A ce jour, le Groupe d'experts intergouvernemental sur le climat (GIEC) reconnaît neuf points de bascule climatique. Dans l'étude scientifique publiée début septembre, les deux chercheurs britanniques listent seize points de bascule à travers le monde, et s'efforcent de fixer des seuils de température à partir desquels ces basculements deviennent probables.
Selon eux, au-delà d'un réchauffement de +1,5°C par rapport à l’ère préindustrielle (objectif fixé par l’accord de Paris en 2015), les points de bascule risquent de se multiplier.

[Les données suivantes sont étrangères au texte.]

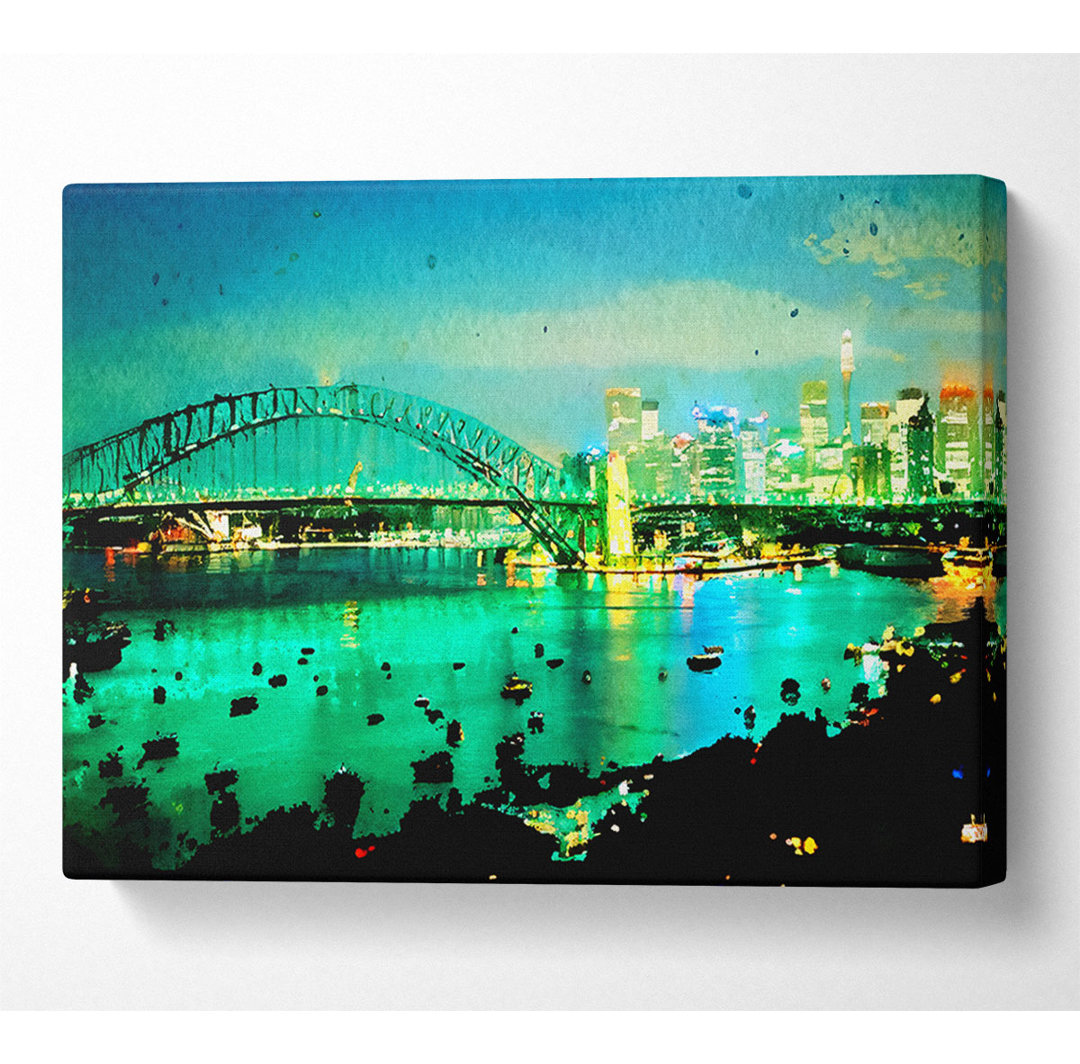 Sydney Harbour Bridge Green Glow - Kunstdrucke auf Leinwand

Or, avec les émissions actuelles de gaz à effet de serre, le monde se rapproche rapidement de ce seuil (+1,1°C aujourd'hui) et il est assez probable qu'avec l'inertie du système climatique, plusieurs points de bascule soient déjà enclenchés.
"Une action urgente en faveur du climat"
Toujours selon cette étude, au moins cinq points de bascule devraient être atteints d'ici peu de temps :
- la fonte de la calotte glaciaire du Groenland,
- la fonte de la calotte glaciaire de l'Antarctique occidental,
- la disparition des récifs coralliens des mers chaudes,
- le dégel du pergélisol (sols gelés en permanence),
- l'interruption du courant du Labrador (élément important de la circulation océanique dans l’Atlantique Nord).
D'autres points de bascule pourraient se produire en cas de réchauffement contenu entre +2 et +4°C, comme le dépérissement de la forêt amazonienne ou la perte des glaciers de montagne. Au-delà de +4°C, le Gulf Stream pourrait s'interrompre et l'ensemble des glaces arctiques hivernales pourraient disparaître.
Des incertitudes persistent sur les points de bascule, notamment sur l'échelle de temps (la disparition des glaciers de montagne pourrait prendre entre 50 et 1000 ans) mais malgré tout, les connaissances des scientifiques sont désormais suffisamment solides grâce aux avancées de la paléoclimatologie, à la précision des observations actuelles et aux perfectionnements des modèles du climat.
L'étude vise surtout à fournir des éléments tangibles et sérieux qu'une action urgente en faveur du climat est nécessaire. Même en cas de respect des Accords de Paris, plusieurs points de basculement pourraient tout de même être franchis. Si tous les engagements et les contributions déterminées à l'échelle nationale sont mis en œuvre, cela réduirait les risques d'étendre la liste des points de basculement atteints.